Se acordó que el Estado debía organizarse en tres tareas dedicadas a elaborar, aplicar y exigir la ley. Montesquieu los definió como los tres poderes del Estado: El primero era el poder legislativo compuesto por unos representantes del pueblo para redactar las constituciones, las leyes y los códigos; el segundo es el poder judicial encargado de hacer cumplir esas leyes y de castigar y separar a los que nos las cumplan; y el tercero es el poder ejecutivo que tiene que gobernar el país y administrar los intereses de todos los ciudadanos según dicen esas leyes. Pero fíjate bien, insistió el maestro, debajo del parlamentario, del juez y del ministro, que representan esos poderes del Estado, sólo hay un fin: que haya una ley, que se haga cumplir y que se gobierne de acuerdo con ella. Todos esos personajes solo existen para que la ley haga posible nuestra vida en común y sea la base de nuestra convivencia política. Es la única forma de evitar que se imponga la violencia en nuestra vida.
Continuó el maestro explicando a su atento niño, que la ley y el Estado solo buscan asegurar la vida de los ciudadanos. Todos los habitantes del país son los que tienen la capacidad de elegir a los diputados, son ellos los que poseen lo que se llama soberanía, la única que puede redactar las leyes y obligar a obedecerlas. A eso se llama democracia, el gobierno del pueblo, encargado de proteger y asegurar los derechos fundamentales de la justicia y la igualdad y los deberes básicos de todo ciudadano miembro de un Estado.

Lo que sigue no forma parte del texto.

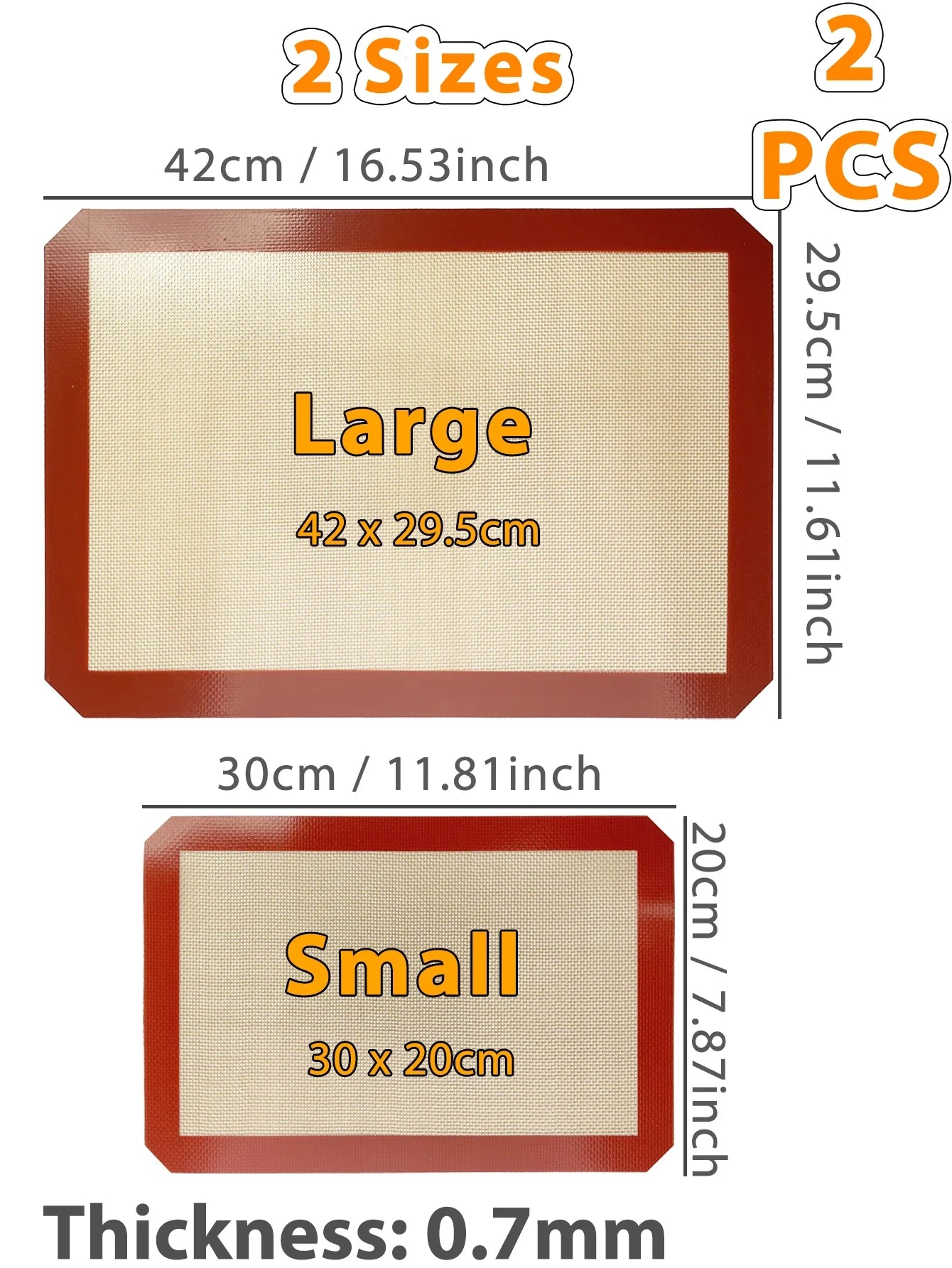 ¡Cheftronics Baking Mats: Domina la Pastelería! - 2PCS Mix Red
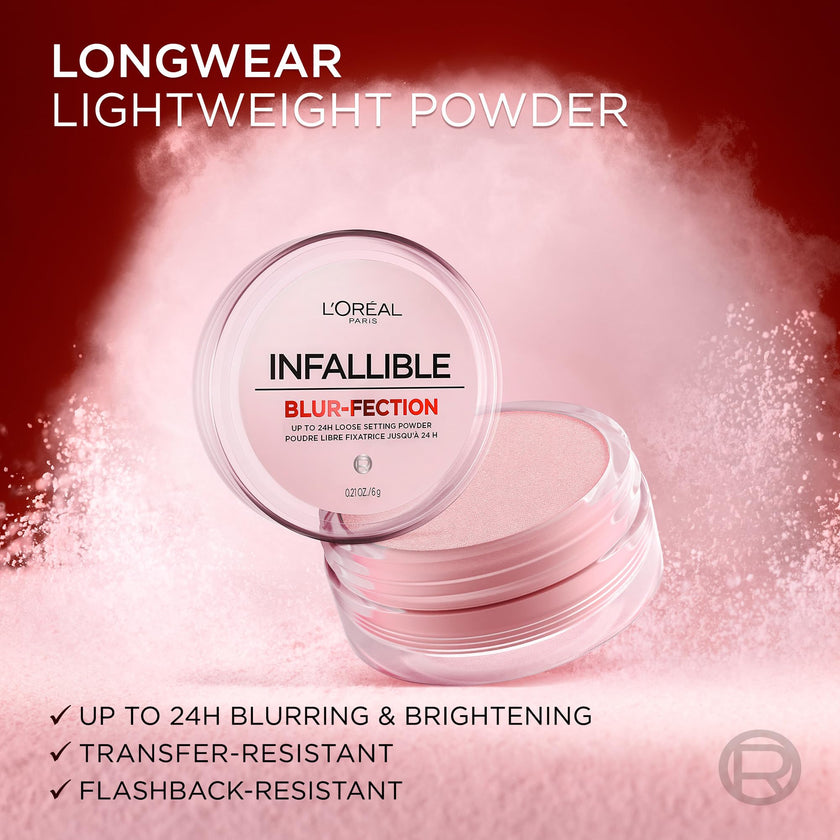 L'Oréal Paris Infallible Blur-Fection Loose Powder, Brightening Pink Setting Powder with Soft Matte Finish, Locks in Makeup for Up to 24H, 10 Light Pink, 6g 🍁 All In One Marketplace Canada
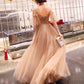 Coffee tulle lace long prom dress evening dress  8212
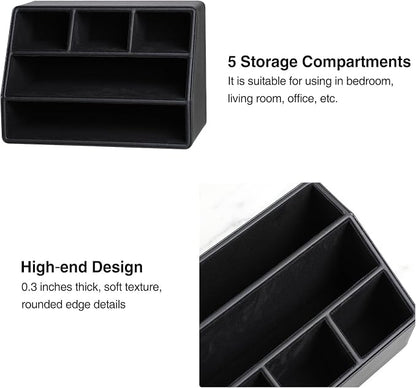 PU Leather Desk Organizer, Luxury Remote Control Holder - Image 5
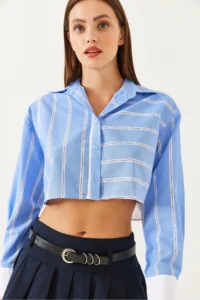 Bianco Lucci Women's Asymmetrical Striped Cuff Detailed Crop Shirt 4451 - Image 7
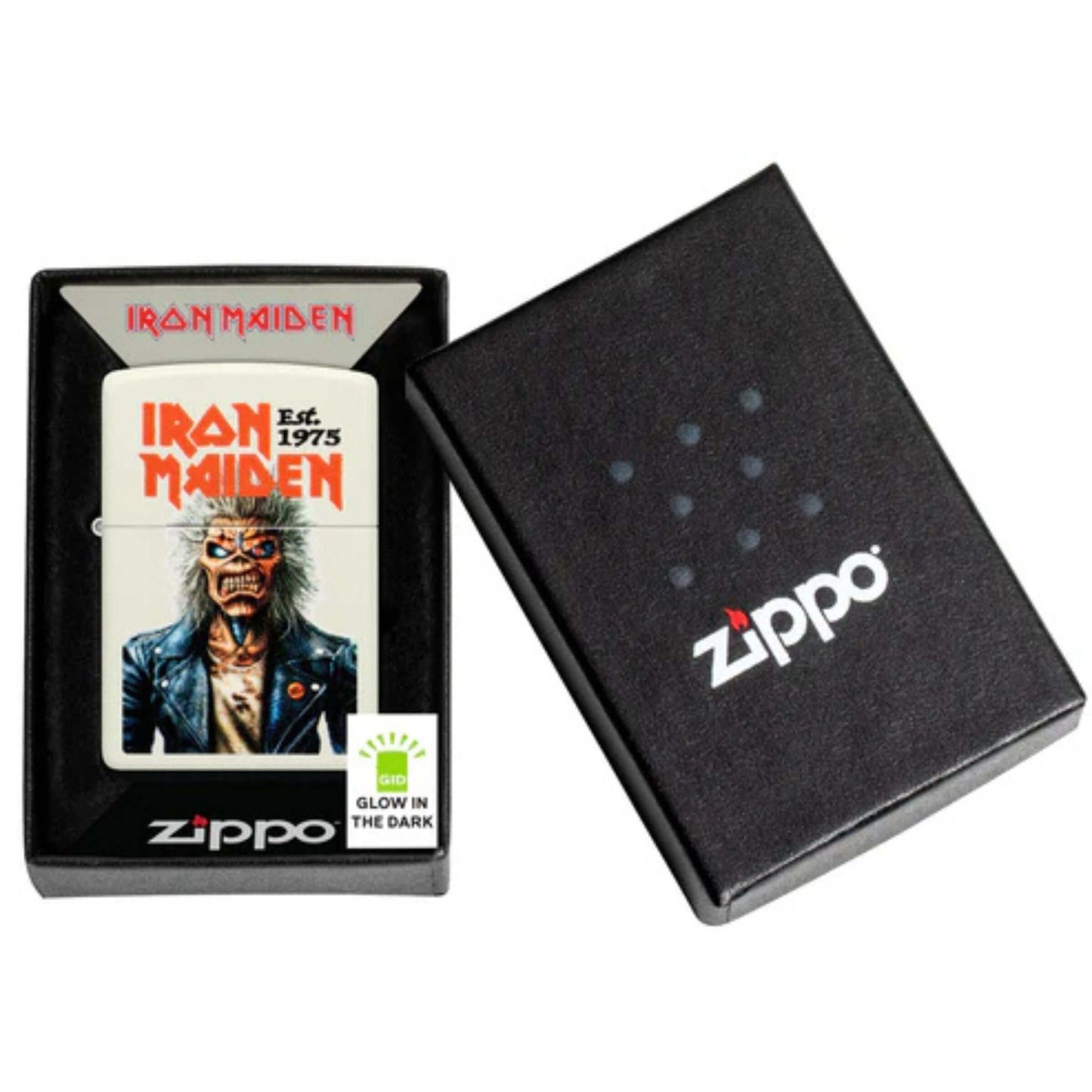 Zippo Iron Maiden Glowing Eddie Accendino Antivento Fosforescente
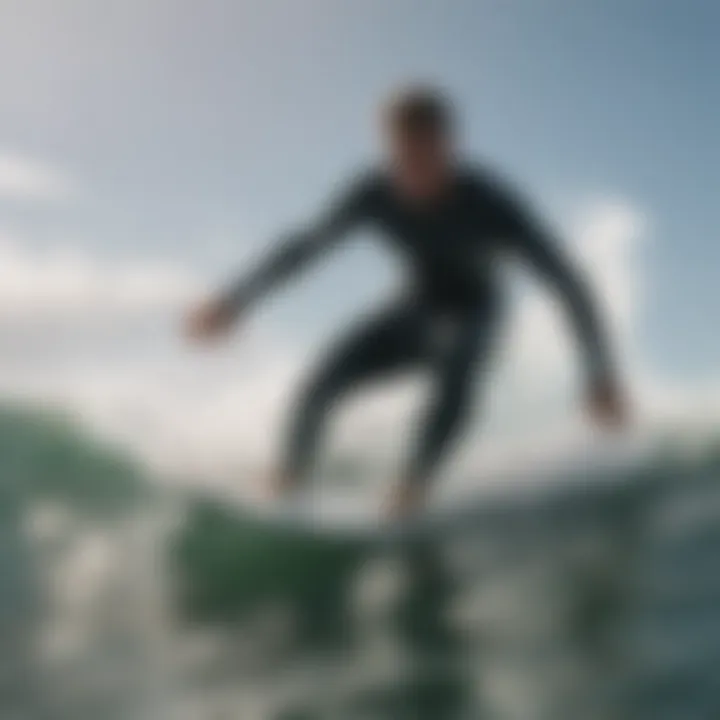 Surfer mastering technique on the waves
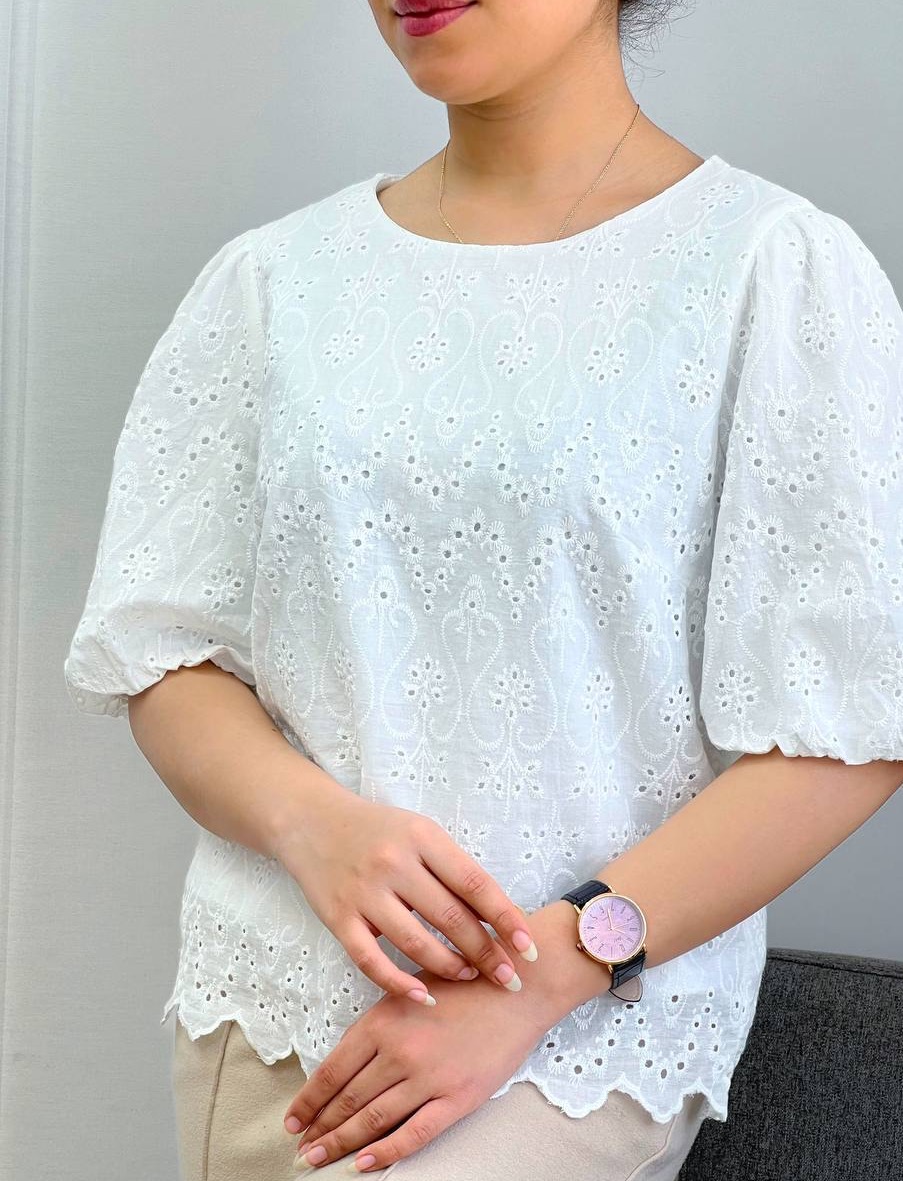 شومیز خامه دوزی استین پف کد 3740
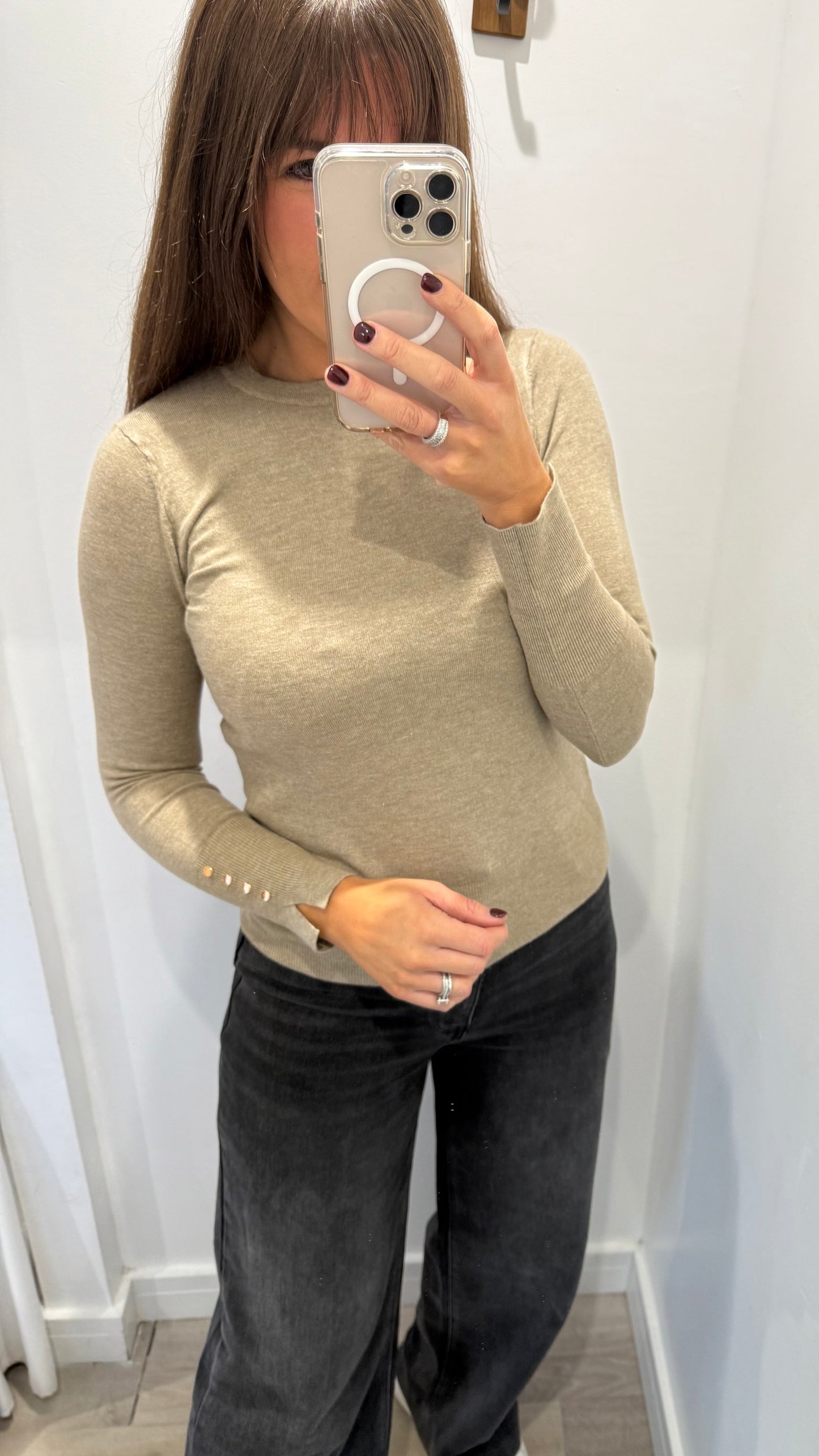 OATMEAL FINE KNIT JUMPER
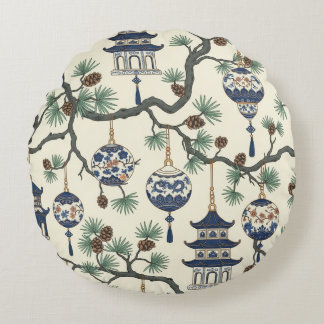 Coussins Ronds Chinoiserie Pagoda Ornament Design Pine Branch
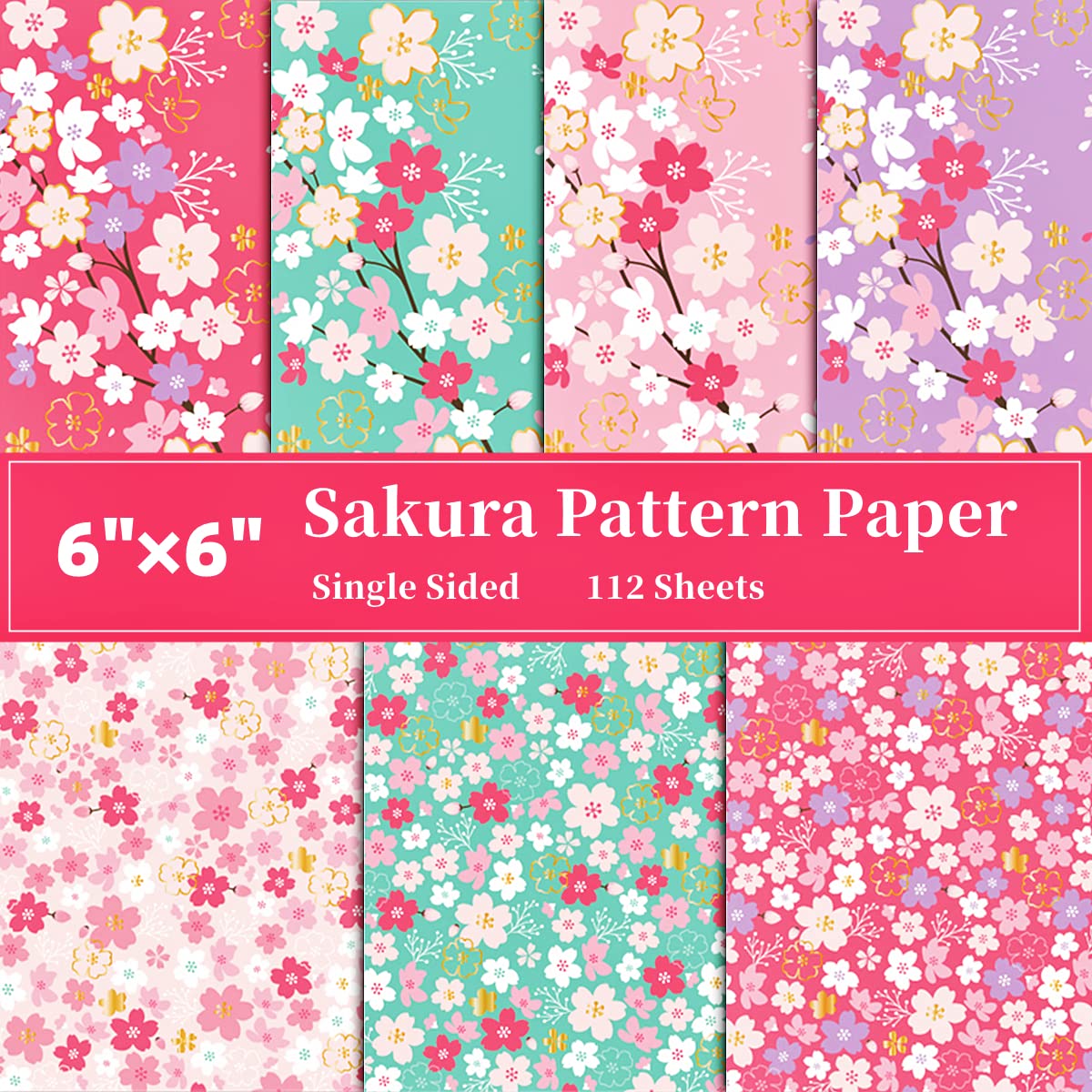 CUTBLAJAT 112 Sheets Heavier Origami Paper Japanese Cherry Blossom Pattern Sakura Bronzing Chiyogami 6" 15cm Washi Easy Fold Paper for Beginner cutblajat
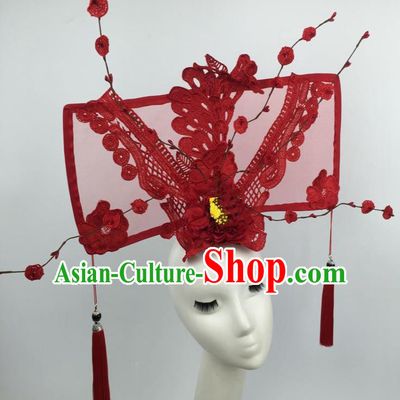 Chinese Traditional Catwalks Exaggerated Red Lace Headdress Palace Hair Accessories for Women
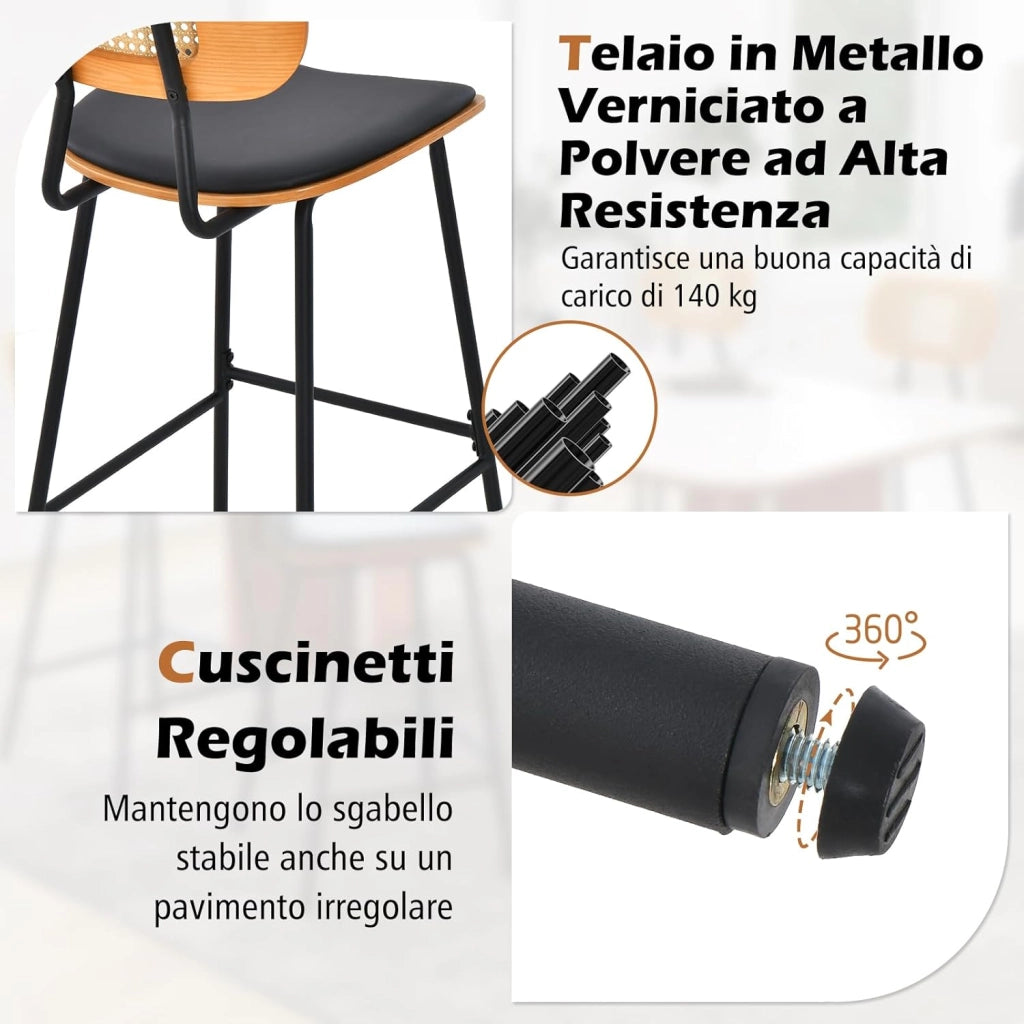Set di 2 Sgabelli da Bar in Rattan, Sgabelli da Bar con Gambe in Metallo e Schienale in Rattan, Set di 2 Sedie da Bar con Cuscinetti Regolabili, per Cucina, Soggiorno, Bar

Este recuerdo infantil tan sencillo enseña un mensaje democrático muy hondo: hay que cumplir la ley, es más, hay que quererla como a un escudo que nos da seguridad. Me la enseñó el maestro de mi pueblo. Recordar hoy esta sencilla enseñanza es importante; cuando algunos políticos no cumplen la ley y quieren cambiarla por su cuenta, hay que gritar fuerte: ¡No vale!
Editado en El Norte de Castilla el 9 de setiembre de 2017.